• _EXERCISE_: Please return every line of the material verbatim and skip any images.

• _RAW DATA_:
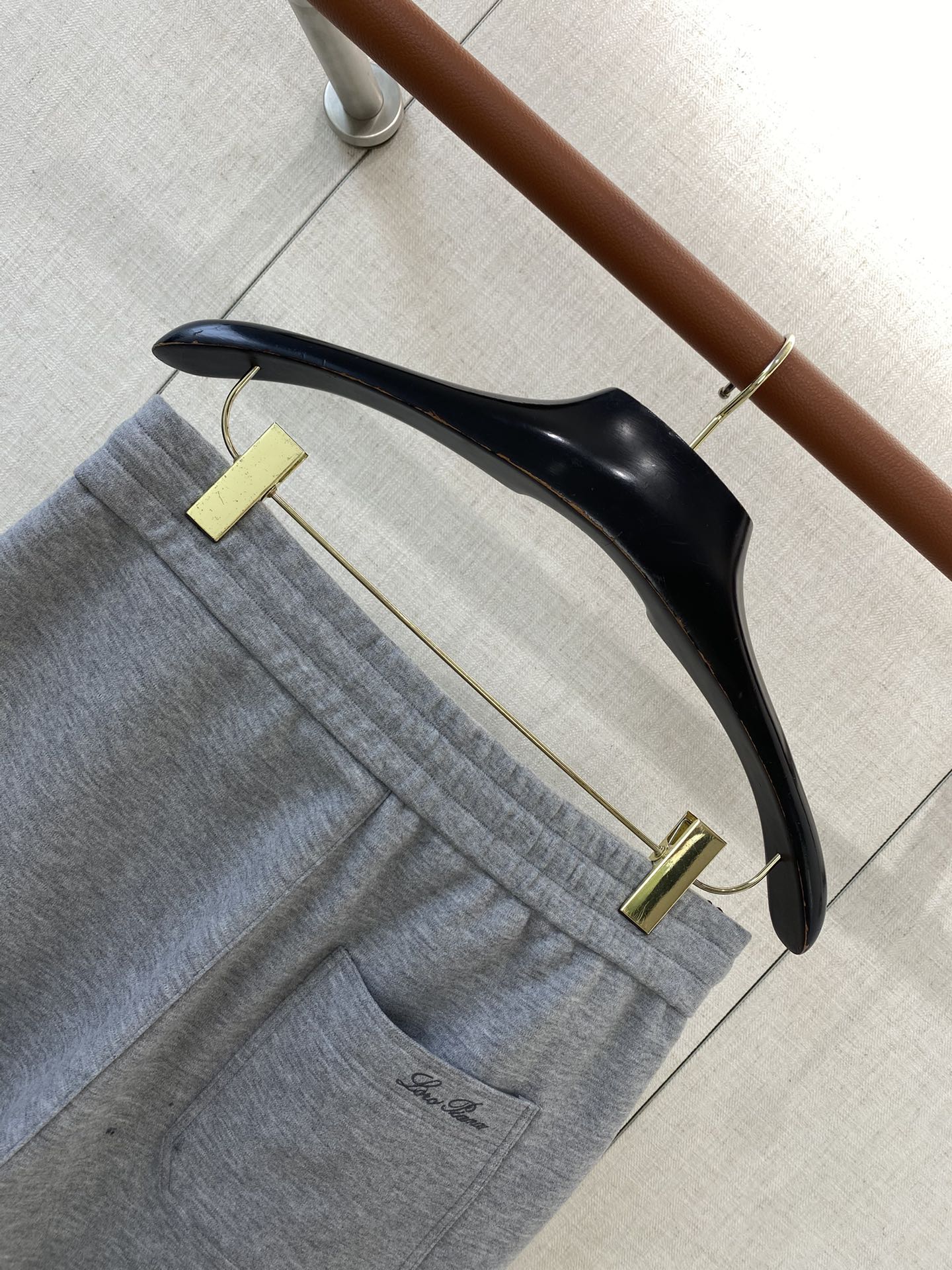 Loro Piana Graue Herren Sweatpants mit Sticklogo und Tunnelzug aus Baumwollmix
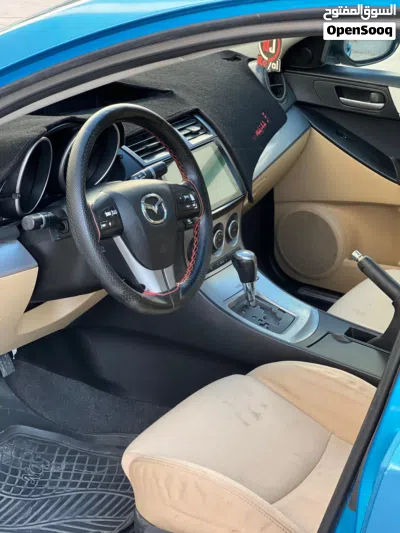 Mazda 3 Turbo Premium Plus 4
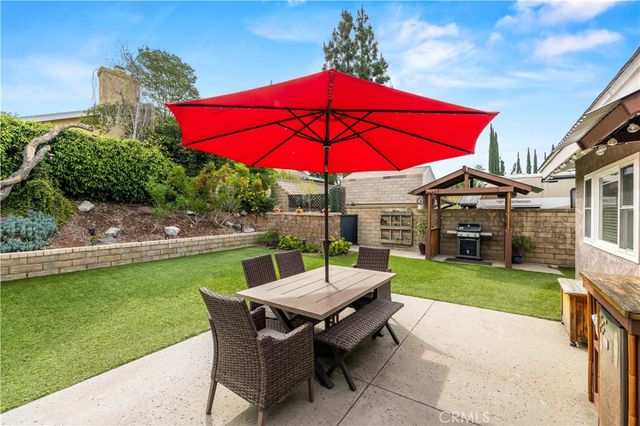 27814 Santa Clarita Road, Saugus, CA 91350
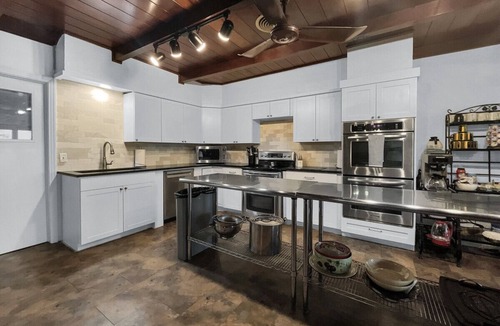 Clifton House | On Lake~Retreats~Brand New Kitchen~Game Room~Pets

• _YOUR SOLUTION_:
 Loro Piana Graue Herren Sweatpants mit Sticklogo und Tunnelzug aus Baumwollmix
 Mazda 3 Turbo Premium Plus 4
 27814 Santa Clarita Road, Saugus, CA 91350
 Clifton House | On Lake~Retreats~Brand New Kitchen~Game Room~Pets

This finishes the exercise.